Dopo vent’anni di gavetta su set televisivi e cinematografici, oggi il nome di Pierfrancesco Favino è sinonimo di talento e professionalità internazionale. Tanto che Hollywood si è accorta di lui e lo cerca sempre più: dopo Le Cronache di Narnia – Il Principe Caspian e Miracolo a Sant’Anna, fra poco uscirà anche Angeli e Demoni, che lo vedrà accanto a Tom Hanks. Cortese, disponibile e intellettualmente stimolante, solo due cose non sopporta: le certezze assolute e chi lo chiama “star”.
Sempre più ricercato oltre Oceano: come vive questo momento d’oro?

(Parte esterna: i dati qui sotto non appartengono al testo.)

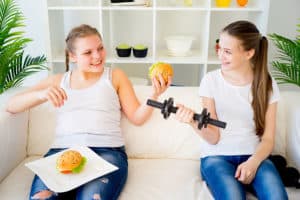 two teen girls are sitting on a couch. One is holding a burger in the hand with another burger placed on the lap and the other teen girl is holding a dumbbell.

Con la felicità di chi riesce a lavorare sia in Italia che all’estero, sarei stupido a non dire di essere contento di avere simili opportunità, soprattutto per allargare gli orizzonti creativi e mettermi alla prova. Però non penso al lancio americano, non so cosa significhi, per me Hollywood resta una scritta, nient’altro: non sono una star.

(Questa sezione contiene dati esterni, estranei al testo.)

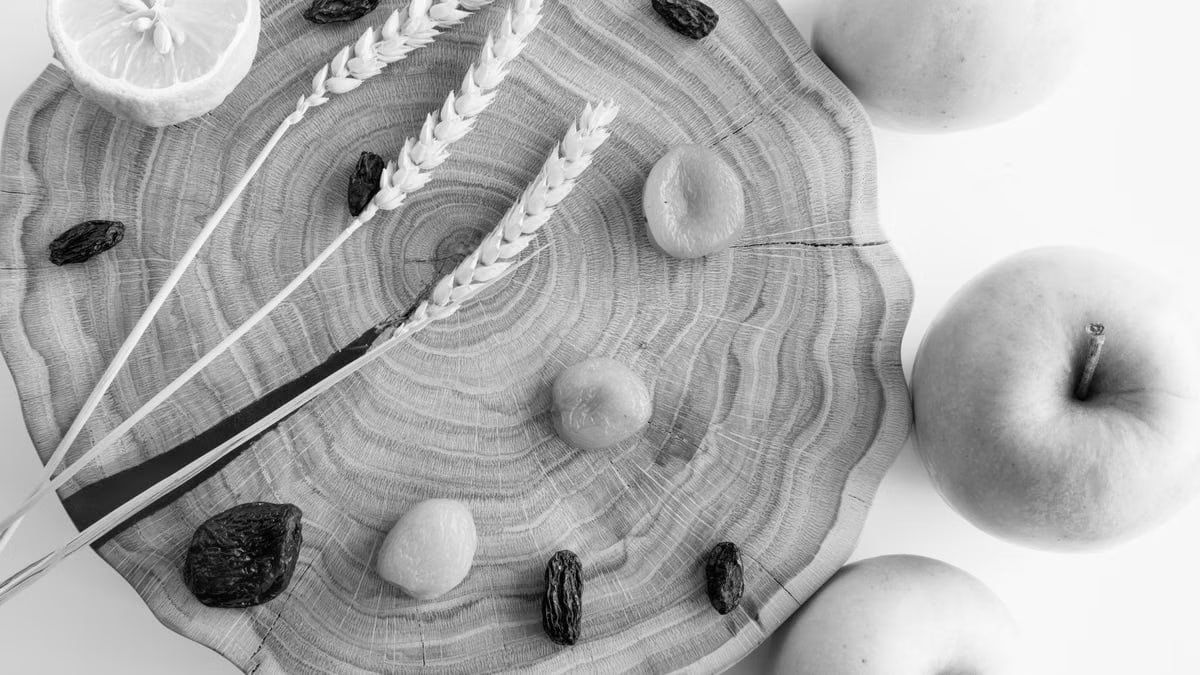 Elegant black and white still life featuring apples, lemon, wheat, and raisins on wood.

Però è stato diretto da registi celebri a livello mondiale.
Certo, ma il percorso di un attore è fatto dalle esperienze che fa, non dai nomi dei registi. Spike Lee e Ron Howard hanno un loro peso nel cinema, ma sono convinto che anche un regista più piccolo possa fare bene, basta che non si confondano i mezzi economici con quelli dell’anima. L’industria ha portato a un’infallibilità del rapporto emotivo verso ciò che si fa, io non credo che la professionalità abbia a che fare con il denaro, ma con l’amore verso il proprio mestiere.
Com’è stato lavorare con Spike Lee?
Bellissimo, come me è meticoloso e si concentra sul film 24 ore su 24. Io andavo sul set anche quando non lavoravo, m’intrigava molto il suo saper unire una grande capacità visiva a una forza d’artigianato enorme, mette le mani nella terra per creare un film. E’ un uomo pieno di dubbi, come me, come qualunque artista. L’unico lato poco positivo è aver girato la strage di Sant’Anna lì dove è accaduta, è stato scioccante.

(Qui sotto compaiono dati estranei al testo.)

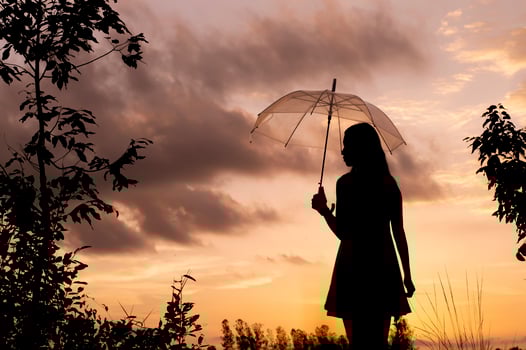 Silhouette woman holding an umbrella at the sunset time photo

Il suo personaggio in quel caso ha suscitato non poche polemiche…
Le polemiche sono dovute a prese di posizione che io capisco, se fossi un uomo di ottant’anni che ha combattuto fino all’ultimo per la libertà di un paese, forse anch’io sarei rimasto ferito da un certo racconto del reale. Ma il mio lavoro consiste nel mettermi nei pensieri e nelle scarpe dei personaggi che interpreto: rivivere la giornata di un partigiano, non dibattere storiograficamente. E la mia battuta più bella era: “di fronte a Dio che differenza c’è?”. Non ho mai sperimentato la guerra, quindi non giudico le persone che rischiavano, pensando a come procurarsi cibo e a scamparla. Posso solo parlarne da attore, ma per fortuna non devo sparare a qualcuno per garantire la mia libertà. Ancora.
Come “ancora”?
Voglio dire che ci sono livelli molto più sottili oggi da cui siamo minacciati, parliamo di quelli! Se rimaniamo ancora attaccati all’idea di dover appartenere a una parte piuttosto che a un’altra, perdiamo di vista ciò che succede oggi e che ci sta cambiando realmente. E’ come continuare a dibattere se sia giusta o no fare una legge sulle intercettazioni e non parlare più di ciò di cui esse trattavano. Perché dobbiamo stare attenti a non dire quello che pensiamo in questo paese? Quando dovrò insegnare la storia a mia figlia, voglio che se ne faccia una sua idea. Le dirò che le strade incerte possono comunque essere esplorate: è questo che lascia spazio all’arte e alla creatività. La certezza non serve a nessuno. Il dubbio, invece, a tutti.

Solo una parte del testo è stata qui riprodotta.